12. Faith Ringgold: American People
New Museum
New York, NY
On view from February 18 to June 2022
Faith Ringgold: American People is the most comprehensive exhibition to date of this groundbreaking artist’s vision, highlighted by the first full presentation of her historic French Collection in over 20 years, along with many other quintessential works that will be exhibited together for the first time in decades. Featuring Ringgold’s best-known series, this show examines the artist’s figurative style as it evolved to meet the urgency of political and social change. The exhibition also foregrounds her radical explorations of gender and racial identities, which the artist incorporates into the rich textures of her paintings, soft sculptures, and story quilts.
13. David Driskell: Icons of Nature and History
Cincinnati Museum of Art
Cincinnati, OH
On view from February 25 to May 15, 2022
David Driskell (1931–2020) was a revered art historian, curator and artist. He is recognized for his work as a painter and printmaker. The exhibition is the first major presentation of Driskell’s work since his death in April 2020 at the age of 88. The 58 works highlight his distinguished career; it surveys the artist’s practice from the 1950s forward. The exhibition explores themes of importance to Driskell, including nature to the Civil Rights era and identity as a person of African descent. Driskell also paid tribute to admired colleagues in pieces dedicated to Jacob Lawrence and Romare Bearden.
*Admission to David Driskell: Icons of Nature and History includes entry to the concurrent special exhibition, Working Together: The Photographers of the Kamoinge Workshop.
14. Working Together: The Photographs of The Kamoinge Workshop
Cincinnati Museum of Art
Cincinnati, OH
On view from February 22, 2022 to May 15, 2022
Working Together is the first major museum exhibition about the Kamoinge Workshop, a groundbreaking African-American photographers’ collective founded in New York City in 1963 as the modern Civil Rights Movement was gaining momentum.

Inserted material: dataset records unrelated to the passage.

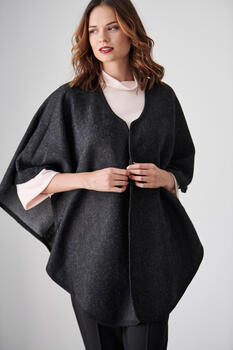 Monochrome poncho - Black O/S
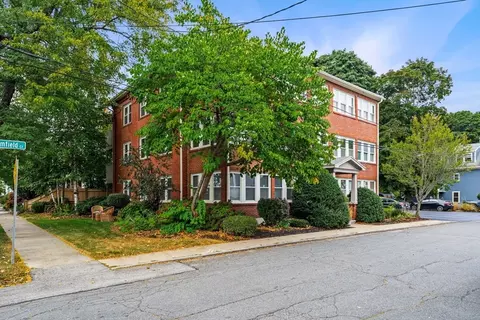 1 Bromfield Ct #E, Newburyport, MA 01950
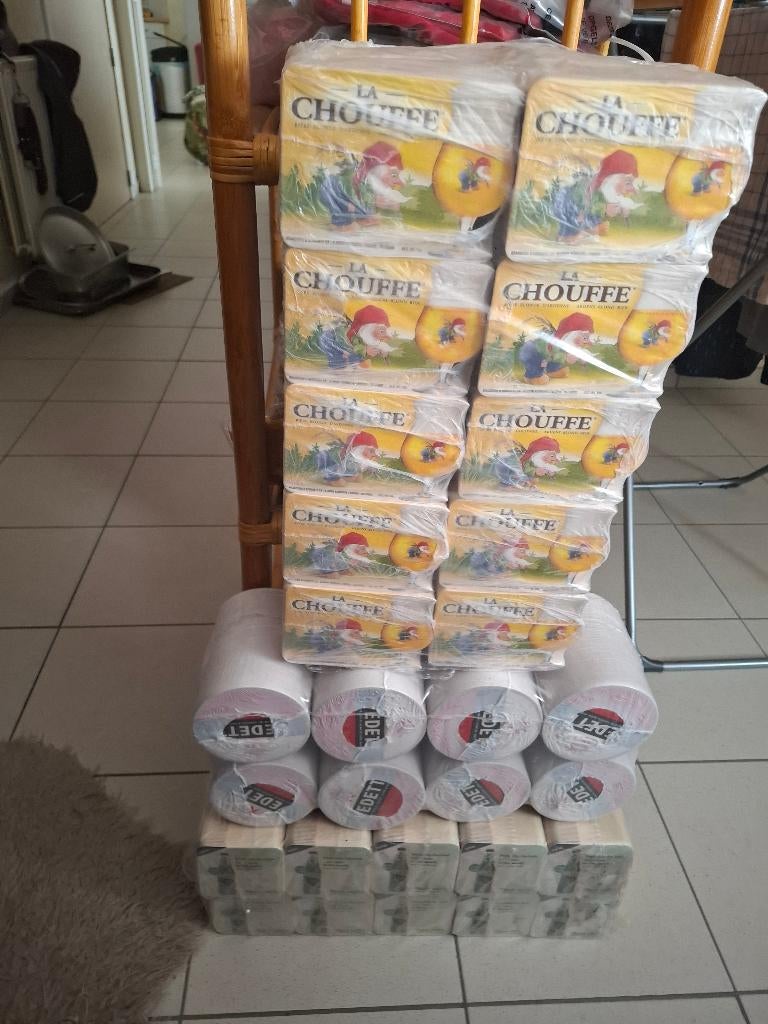 9 La chouffe glazen en 1 beker, Verzamelen, Biermerken, Ophalen of Verzenden, Nieuw, Glas of Glazen, Duvel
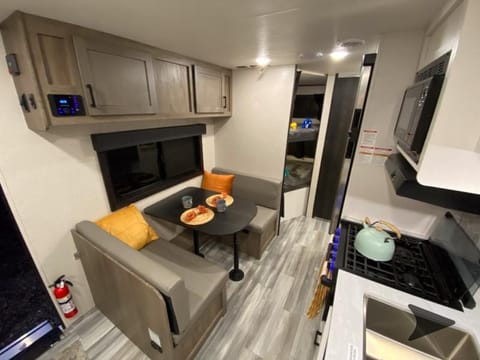 Sleeps 10, BRAND NEW, ALL IN PRICE Towable trailer in Layton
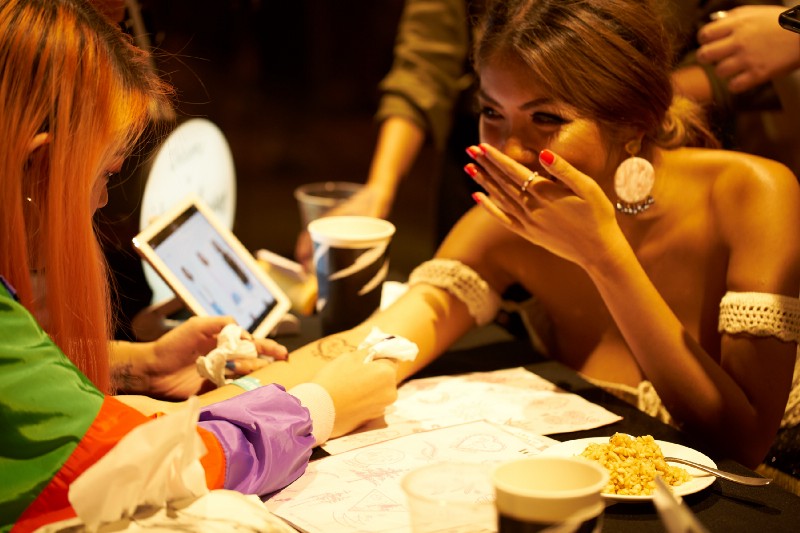 Miss Universe Singapore contestant and fashion stylist Camira Asori got her henna tattoo done by the local artists from Henn.Drawn.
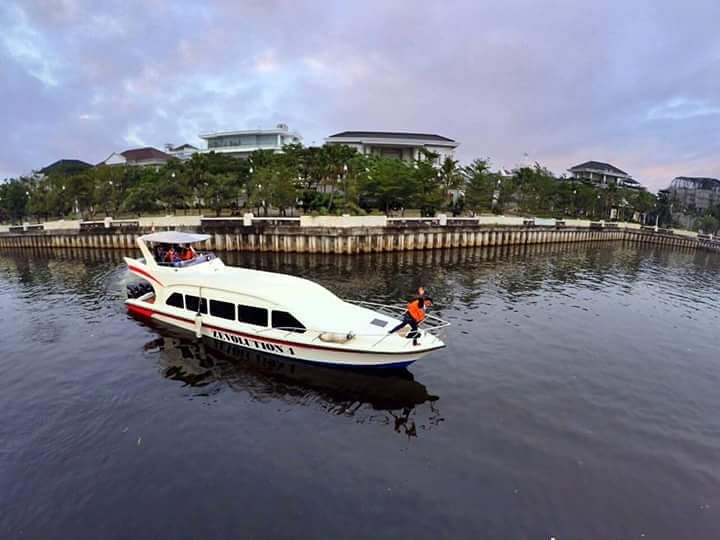 Speedboat departure from Mall Baywalk Pluit to Pulau Pari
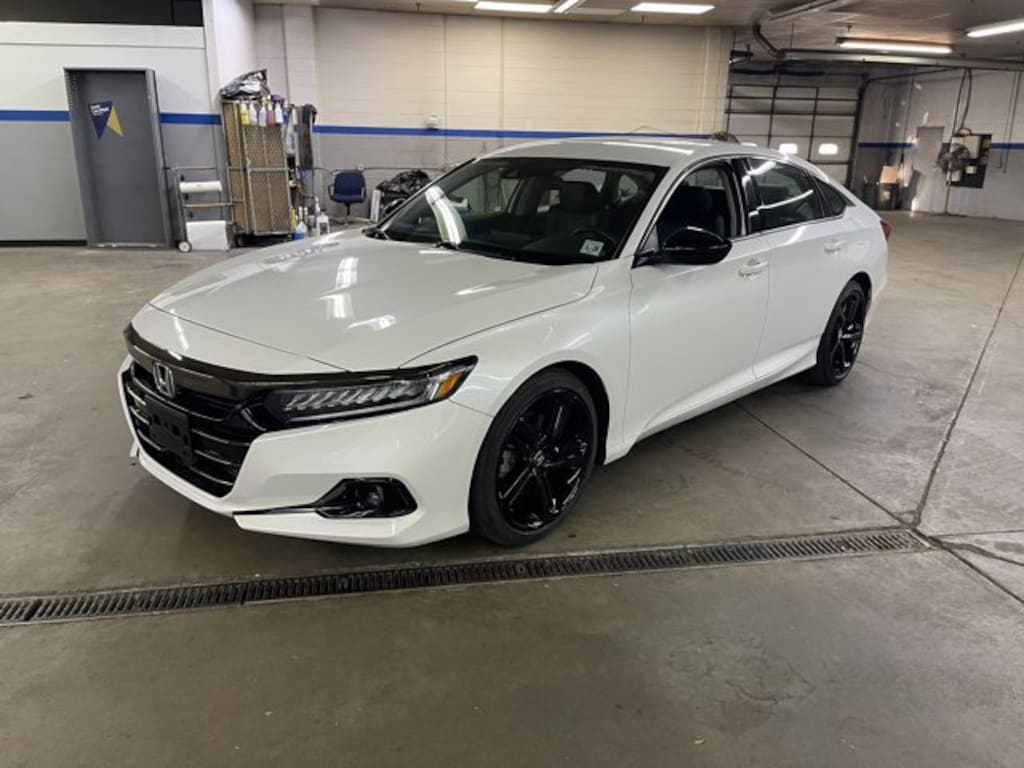 Used 2021 Ford Explorer XLT SUV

The founders chose the name Kamoinge, which means “a group of people acting and working together” in the Gikuyu language of Kenya, to reflect their shared dedication to community, collective action, and a global outlook. While the group is still in existence, the exhibition focuses on the Workshop’s formative decades of the 1960s and 1970s.
15. Allie McGhee: Banana Moon Horn
Cranbrook Art Museum
Bloomfield Hills, MI
Closes: March 20, 2022
Allie McGhee: Banana Moon Horn is a retrospective of significant past works from McGhee’s extensive oeuvre. Additionally, it includes new works created specifically for this exhibit. Allie McGhee has been an important member of Detroit’s artistic community for more than five decades with a practice defined by his signature approach to abstraction. The title of this exhibition, Banana Moon Horn, is the name McGhee has given to the recurring arcing forms that he has explored throughout his career.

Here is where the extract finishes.